According to this NYT article, fraud caused by "Stolen Consumer Data Is a Smaller Problem Than It Seems" (http://www.nytimes.com/2015/08/02/business/stolen-consumer-data-is-a-smaller-problem-than-it-seems.html). It also confirms what I've long suspected, namely, "...consumer fears can be stoked by the incentives of the people providing the data. Many of the statistics on identity fraud and online attacks come from security firms that want more people to buy their services. It’s not so different from the soap company that advertises how many different types of bacteria are on a subway pole without mentioning how unlikely it is that any of those bacteria would make you sick."

Ketharaman Swaminathan
Ketharaman Swaminathan - GTM360 Marketing Solutions - Pune 14 August, 2015, 18:02Be the first to give this comment the thumbs up 0 likes

SQUARE just announced that it'd take over the fraud liability of US merchants who don't move to EMV by the October 1 deadline.

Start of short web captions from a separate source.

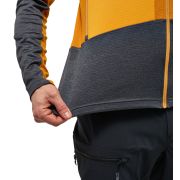 Haglöfs ROC Flash Mid Hood – Hanorac tehnic de cățărare - Gri închis/galben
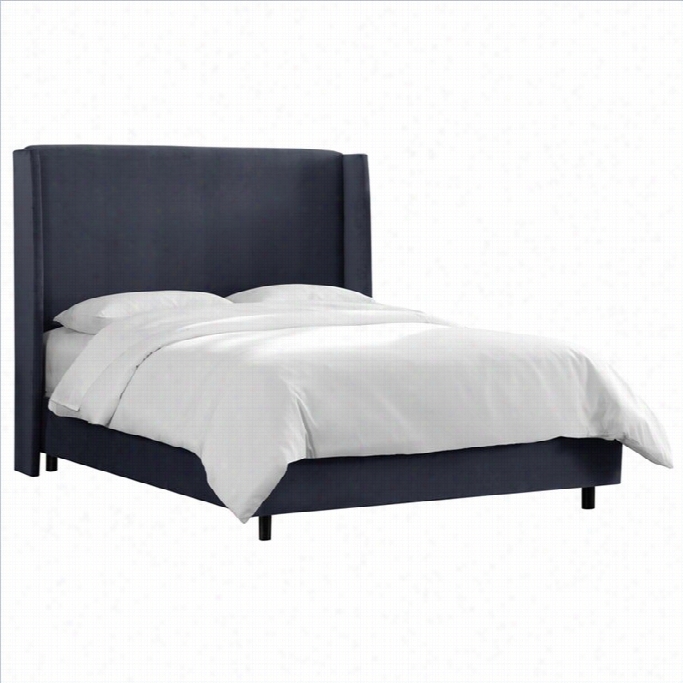 Skyline Furjiture Bed In Lazuli Blue-full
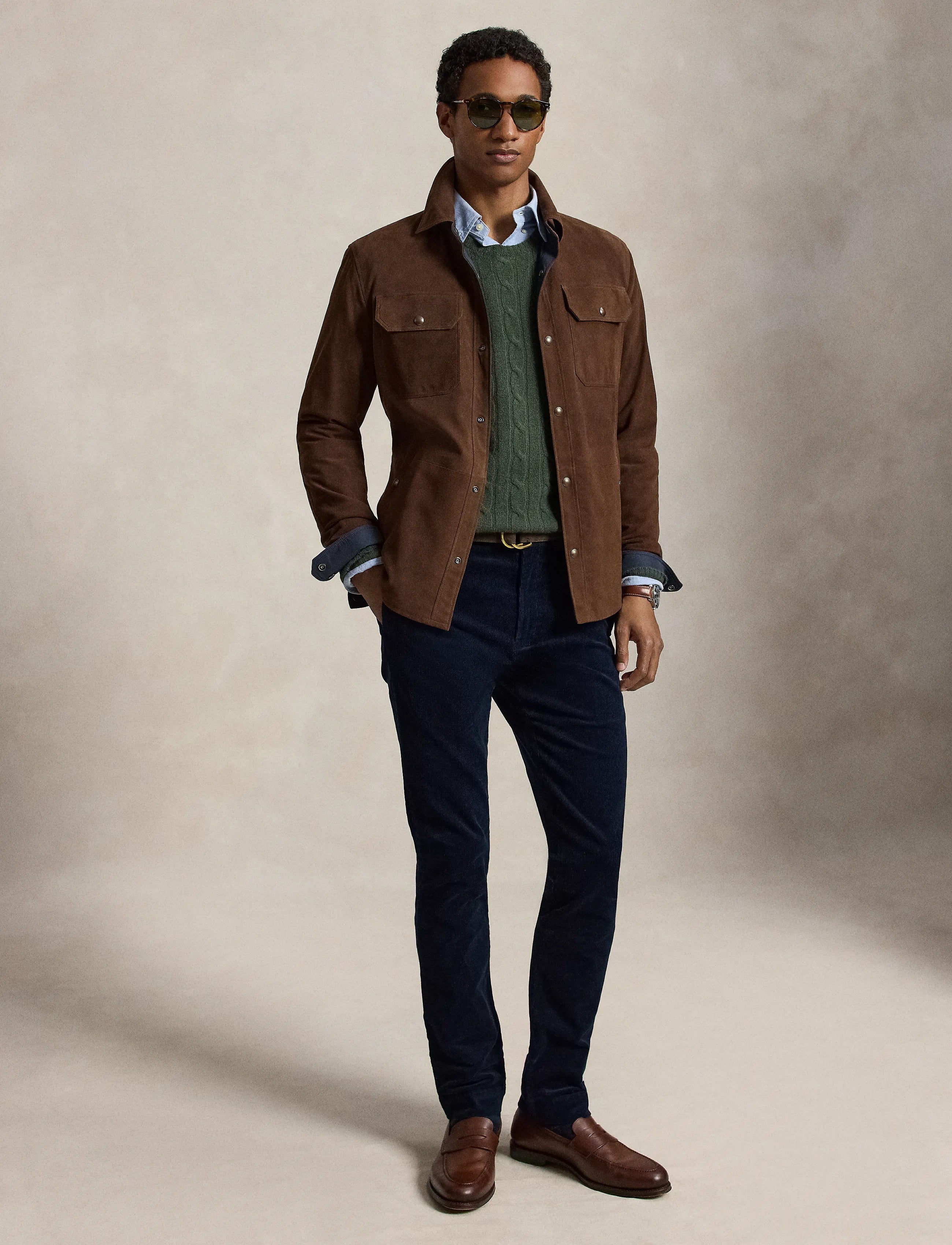 SLFANDVRP-FLAT FRONT 002 AVIATOR NAVY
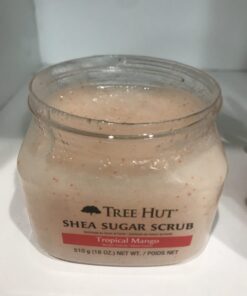 Tree Hut Shea Sugar Scrub Tropical Mango, 18oz, Ultra Hydrating and Exfoliating Scrub for Nourishing Essential Body Care Mango Puree 1.12 Pound (Pack of 1) 52 61j3XgSjaqL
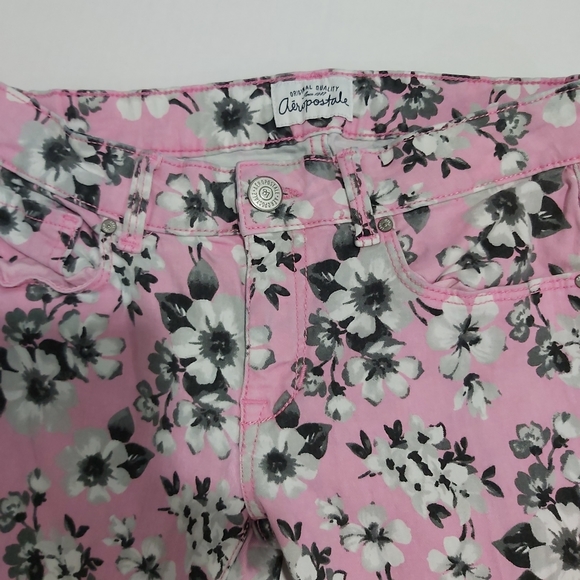 Aeropostale pink floral jegging, size: 5/6 - Picture 2 of 6
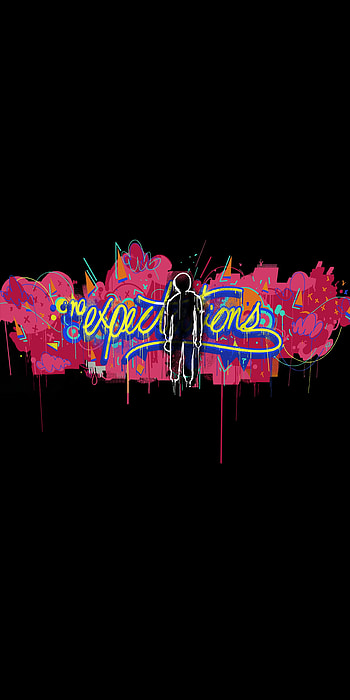 No Expectations Amoled : r/IntoTheSpiderverse, no expectations spider man into the spider verse HD phone wallpaper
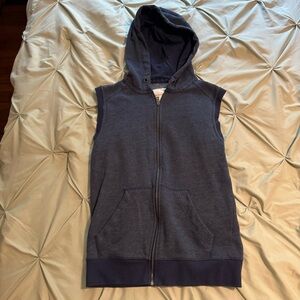 Aeropostale Navy Sleeveless Hoodie Vest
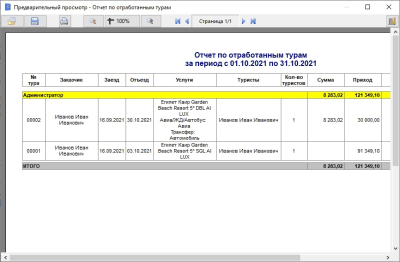 Скриншот приложения AKAMSOFT ТУРАГЕНТСТВО - №6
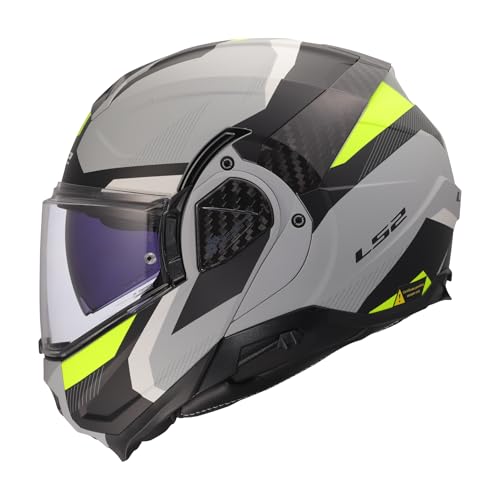 Image of LS2 Helmets Advant II Modular Motorcycle Helmet W /SunShield (Gloss Jeans Gray - X-Small)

https://squareup.com/news/why-square-sellers-can-rest-easy-about-the-liability-shift

While parties in ROW question why it's hard to remember a PIN, SQUARE actually tells businesses that "It’s all a bit complicated — and scary-sounding" and assures them that it would take over the fraud liability, so "...there’s no cause for alarm."

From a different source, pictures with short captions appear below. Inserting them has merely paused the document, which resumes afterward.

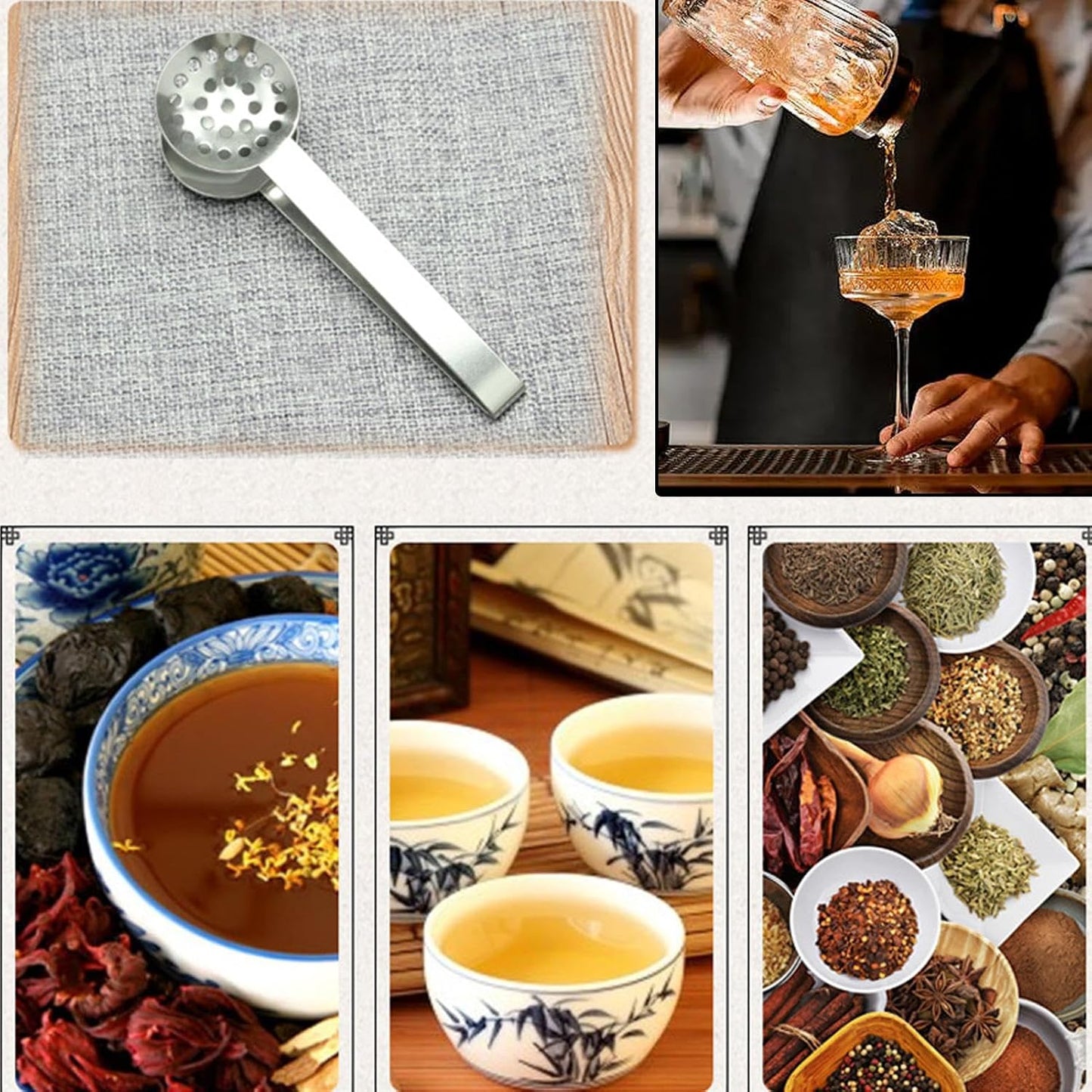 Stainless Steel Tea Bag Squeezer - Tea Filters Coffee Bag Tong | Thicken Tea Strainer Holder Clip | Tea Bag Strainer Clip Spoon For Gripping Tea Bags Ice Sugar Cubes | Lemon Clip Spoon For Tea Lovers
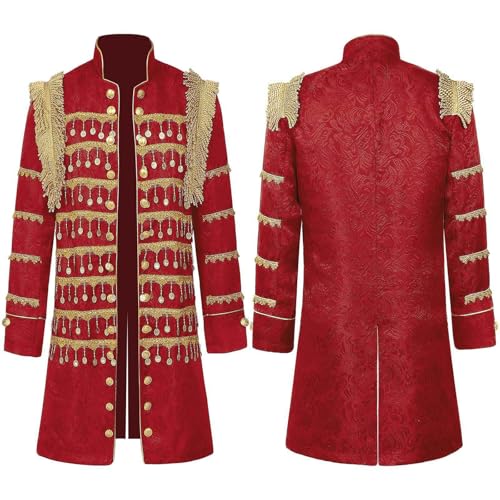 Herren Steampunk Jacke Gothic Vintage Mantel Mittelalter Renaissance Jacke Fasching Kostüm Cosplay Halloween Party Mantel Mode Steampunk Retro Langarm Trenchcoat Herren Steampunk Jacke Gothic Vintage Mantel Mittelalter Renaissance Jacke Fasching Kostüm Cosplay Halloween Party Mantel Mode Steampunk Retro Langarm Trenchcoat von HAOLEI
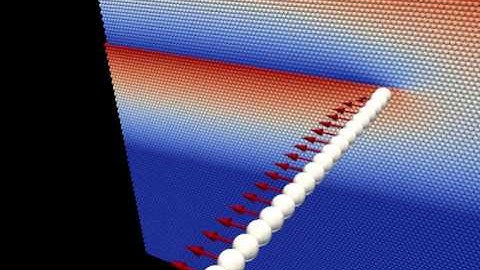 Straight hybrid edge dislocation in CADD 3D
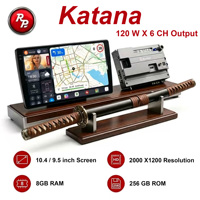Serie Katana de 120W X 6CH para JAC Refine S3 2013-2016, Radio para Auto con Android 14, Reproductor de DVD, Navegación y Multimedia, Pantalla de 10.36 Pulgadas, 8+256GB
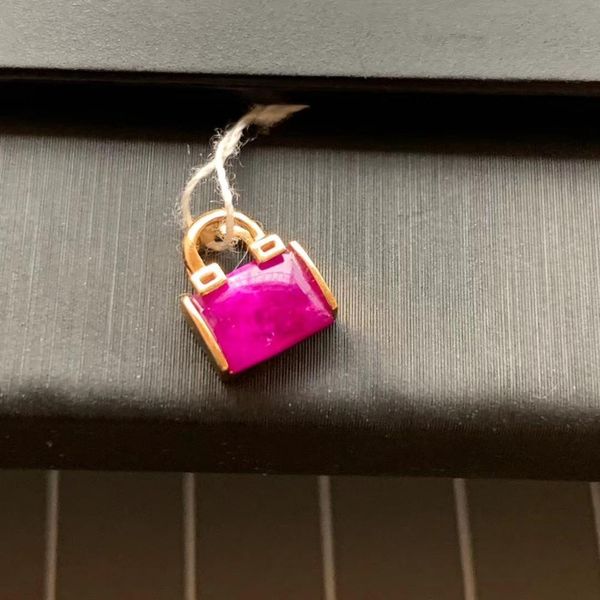 j010417 fine jewelry 18k gold au750 100% natural purple sugilite gemstones pendants for women necklace, Silver
j010417 fine jewelry 18k gold au750 100% natural purple sugilite gemstones pendants for women necklace, Silver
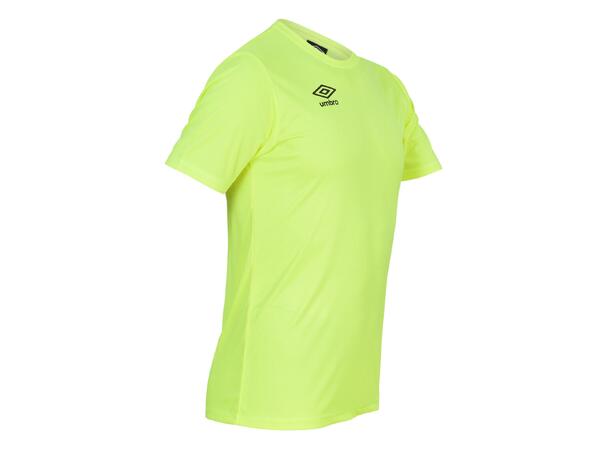 UMBRO Core Poly Tee Neongul XS Tränings t-shirt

With a partner like SQUARE, why would a US merchant rush to adopt the more friction-prone EMV technology? Goes to show how local business culture influences mainstream adoption of some technologies like these.

Ketharaman Swaminathan
Ketharaman Swaminathan - GTM360 Marketing Solutions - Pune 02 October, 2015, 17:10Be the first to give this comment the thumbs up 0 likes

http://www.nbcnews.com/business/consumer/chips-dips-tips-5-potential-problems-new-credit-cards-n436511

Early reports of Chip + Signature in USA point out one more cultural factor that poses a hurdle to this technology in USA:

"Some people are experiencing a 20 second wait times with these chips," said Avivah Litan, vice president and analyst at Gartner Research. "We're a more rushed society than anyone else. So me, I'm going to be a little mad when I have to wait longer at checkout. You have to wait until the very end to get your card." 

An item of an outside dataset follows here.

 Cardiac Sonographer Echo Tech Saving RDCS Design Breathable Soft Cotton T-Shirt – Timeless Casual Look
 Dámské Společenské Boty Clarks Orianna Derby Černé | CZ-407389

As I'd predicted in my post, some retailers are expecting customers to prefer cash because of the delay in processing chip cards: 

"Litan says retailers who have met the deadline will likely ... create cash-only lines." 

So, ironically, a security measure that is intended to increase security and make people more comfortable about using cards is actually driving them away from cards and towards cash!

Ketharaman Swaminathan
Ketharaman Swaminathan - GTM360 Marketing Solutions - Pune 15 October, 2015, 16:59Be the first to give this comment the thumbs up 0 likes

"Netflix is blaming slow US growth on the switch to chip-based credit cards"
http://qz.com/524537/netflix-is-blaming-slow-us-growth-on-the-switch-to-chip-based-credit-cards/

Well, Netflix confirms my fear that "steps taken to mitigate fraud could ... stunt revenues." While Netflix is the first, according to this article, it's not likely to be the last.

Ketharaman Swaminathan
Ketharaman Swaminathan - GTM360 Marketing Solutions - Pune 21 October, 2015, 16:51Be the first to give this comment the thumbs up 0 likes

Good question!

Sam Charbonneau @BMPayments

It's pretty sad how slow #EMV transactions are. When the lost time outweighs cost of fraud...how do they expect major retailers to react?